INDEPENDENT NEWS

Brash Address to the 2005 Campaign Opening

Published: Sun 21 Aug 2005 03:55 PM
A new government and a new direction
21 August 2005
Dr Don Brash
NationalParty Leader
Address to the Official 2005 Campaign Opening, Sky City Convention Centre, Auckland.
My fellow New Zealanders.
147 years ago, my great-great-grandfather William Brash came to these shores.
Along with thousands of others, he came because he saw this as a land of opportunity, a place where he and his family could get ahead.
Some, especially those with Maori heritage, will have roots even further in our past, but for all of us, the notion of New Zealand as a land of opportunity features in our reasons for being here.
We owe a huge debt to those who, over many decades, came to this land as pioneers, and laid the foundations of the wonderful country we enjoy today.
I cannot help but ask myself how my great-great- grandfather, and the many thousands of other pioneers who worked so hard, endured such adversity, and took such risks, would feel, were they able to see the direction the country in which they had invested so much hope has taken in recent years.
A country which tolerates nearly 300,000 working-age people being paid a benefit to stay at home, while businesses are crying out for staff.
A country which releases violent criminals to be recycled through the police files and the courts after serving only a third of their sentences, with some of the worst offenders being paid compensation for their hurt feelings.
A country in which meaningful grades and reports have been disappearing from our schools, with large numbers of young people leaving school unable to read or write or count.
A country in which an unhealthy alliance between the extremists and the politically correct has seen the emergence of two different standards of citizenship, depending upon your ethnicity.
A country in which middle income folk are told by their government that they are the new rich, destined to pay 39 cents in tax on the top dollars of their income, plus a further 12½% tax on the money they spend.
A country in which New Zealanders are increasingly trapped by a tax and benefit system which can see those who want to get ahead lose 90 cents in the dollar in tax and benefit abatement as the penalty for trying harder or working smarter.
I ask myself, just what would those rugged, courageous, adventurous folk who founded this land have made of that?
My guess is that they would say we had lost our way.
That it was time for a change of direction.
Time for a change of government.
New Zealand is a great country.
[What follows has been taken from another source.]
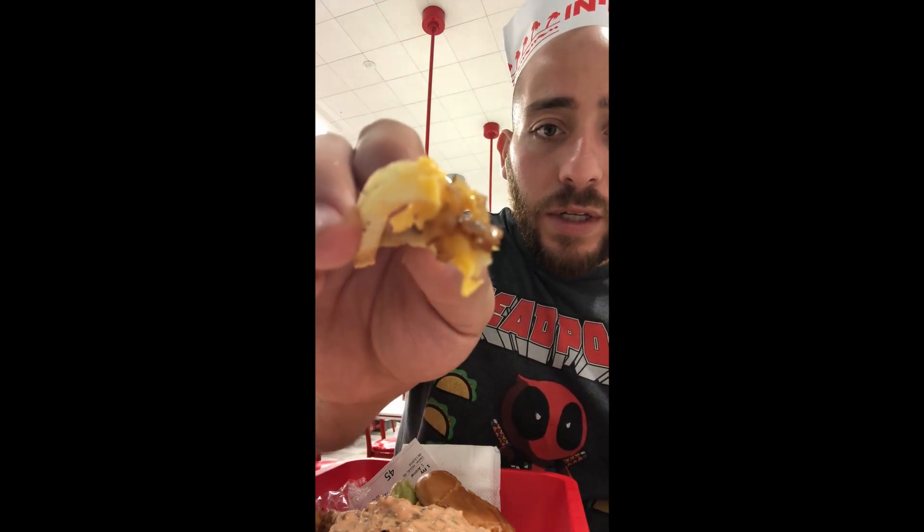We're gonna try the animal style fries — gonna dip some right here. I do love the caramelized onions. The cheese is okay I guess. I'm not really a big fan of American cheese except on a burger in a smash burger type setting, because I feel like the cheese itself doesn't really add value to the fries. But I do love those caramelized onions — look at this, get a shot of those caramelized onions.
A country of wide open spaces, of spectacular mountain ranges, of giant kauri forests, of stunning beaches, harbours and fiords.
We share a heritage and a culture we can be proud of, and which makes us distinctively New Zealanders. You can hear it in our speech and in our music, read it in our novels and our poems, see it in our landscape, our art, and our films, taste it in our food and wine.
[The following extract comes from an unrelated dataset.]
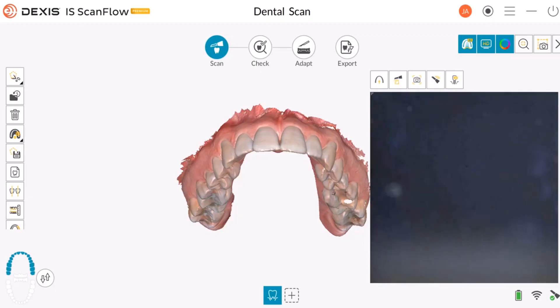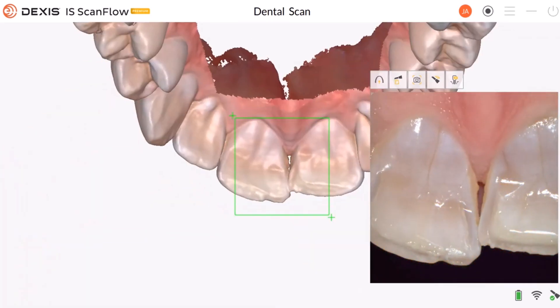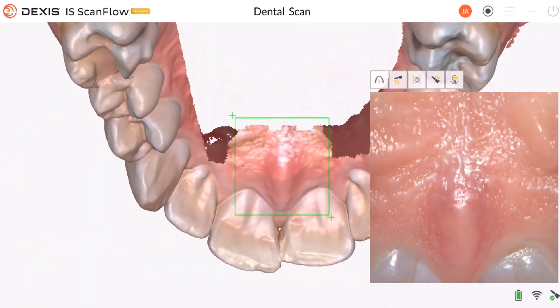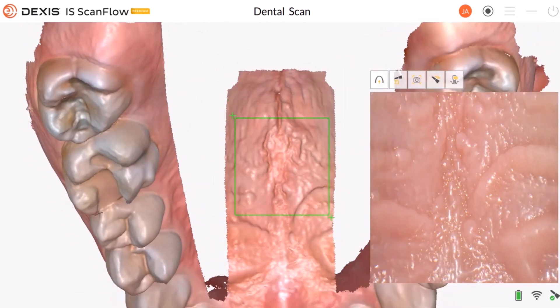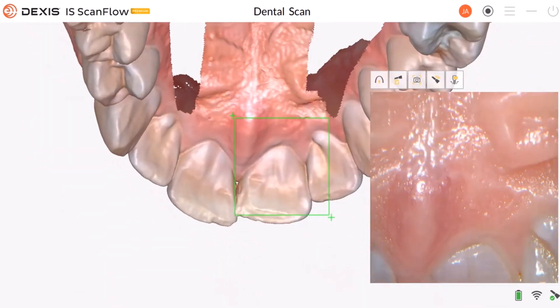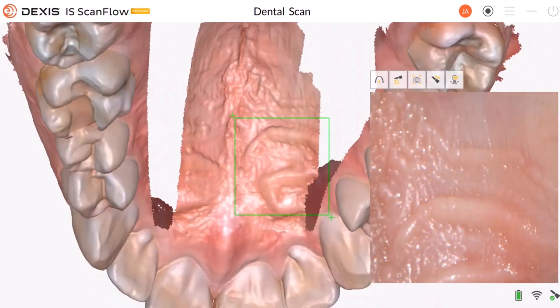A good place to start scanning the palette is to start behind tooth number 8 and 9. Slowly go back to whatever depth is needed for the palette, move a little bit to one side, then bring it back out. Move it like a zigzag or a W motion.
This is the country which produced Ed Hillary, Peter Blake, Katherine Mansfield, Ernest Rutherford, Apirana Ngata, Kiri Te Kanawa, and Peter Jackson: talented, strong minded, resourceful people, produced by a rich and beautiful land.
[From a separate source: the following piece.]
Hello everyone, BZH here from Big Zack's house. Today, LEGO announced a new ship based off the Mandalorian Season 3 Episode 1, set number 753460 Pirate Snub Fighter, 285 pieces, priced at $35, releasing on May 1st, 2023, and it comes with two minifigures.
This is a country where we absolutely take it for granted that an election will be held roughly every three years, and that a government will be elected without bloodshed, with the army safely in its barracks.
We have a great country.
So how can it be that in terms of per capita incomes we have now slipped far behind other developed nations we used to regard as our equal, like Australia?
And now even behind countries we used to look down on as under-developed or developing nations, like Singapore.
How can it be that we have a growing stream of bright and energetic New Zealanders leaving for the higher standard of living they can earn abroad?
How can it be that almost a quarter of all New Zealanders with a tertiary qualification now live outside this country – with the frightening certainty that that trend will continue if Labour is re-elected to office?
And how can it be that while the world is so clearly passing New Zealand by, our government has no solutions, no answers?
The Clark Labour Government used to talk of New Zealand gradually climbing its way back into the top half of the ranks of the developed nations.
But now, they do so no more.
The Clark Labour Government used to talk of stopping the brain drain to Australia.
But now, they do so no more.
The Clark Labour Government used to pretend they shared an ambition to see New Zealand surf the Knowledge Wave.
But now they do so no more.
You see, the Clark Labour Government has run out of ideas.
Run out of aspiration, ambition, vision or even hope.
And now they have run out of time.
It has been said that this Clark Labour Government may well go down in history as the luckiest government of all time – given the benefits of the most favourable trading conditions for our key exports for many decades.
Today I bring you good news and bad news on that front.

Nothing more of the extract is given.